▸ YOUR TASK: In the entries below, find the line with "Building Photo - 1033 S Montebello Blvd" and print exactly every line from there up to and including the line with "LT Luxury Villa, Rezervovat", with no other lines.

▸ THE DATA:
════════
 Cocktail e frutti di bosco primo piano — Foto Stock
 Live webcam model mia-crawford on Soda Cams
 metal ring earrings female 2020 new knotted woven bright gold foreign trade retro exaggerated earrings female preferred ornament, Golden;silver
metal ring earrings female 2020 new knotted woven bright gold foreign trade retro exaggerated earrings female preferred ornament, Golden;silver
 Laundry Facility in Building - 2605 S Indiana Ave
════════
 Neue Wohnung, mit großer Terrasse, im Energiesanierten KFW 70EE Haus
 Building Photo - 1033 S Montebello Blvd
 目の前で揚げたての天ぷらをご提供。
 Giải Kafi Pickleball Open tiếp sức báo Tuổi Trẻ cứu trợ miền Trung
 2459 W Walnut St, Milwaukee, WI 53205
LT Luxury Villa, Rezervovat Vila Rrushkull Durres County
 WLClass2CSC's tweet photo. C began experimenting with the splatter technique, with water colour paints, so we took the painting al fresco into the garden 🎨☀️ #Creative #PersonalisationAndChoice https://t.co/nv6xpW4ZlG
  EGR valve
════════
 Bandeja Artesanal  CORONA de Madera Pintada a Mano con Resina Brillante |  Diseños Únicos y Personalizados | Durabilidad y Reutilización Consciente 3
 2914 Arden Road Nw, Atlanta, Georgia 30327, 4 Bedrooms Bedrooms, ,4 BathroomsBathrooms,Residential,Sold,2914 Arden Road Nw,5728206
════════
▸ RESULT OF THIS EXERCISE:
 Building Photo - 1033 S Montebello Blvd
 目の前で揚げたての天ぷらをご提供。
 Giải Kafi Pickleball Open tiếp sức báo Tuổi Trẻ cứu trợ miền Trung
 2459 W Walnut St, Milwaukee, WI 53205
LT Luxury Villa, Rezervovat Vila Rrushkull Durres County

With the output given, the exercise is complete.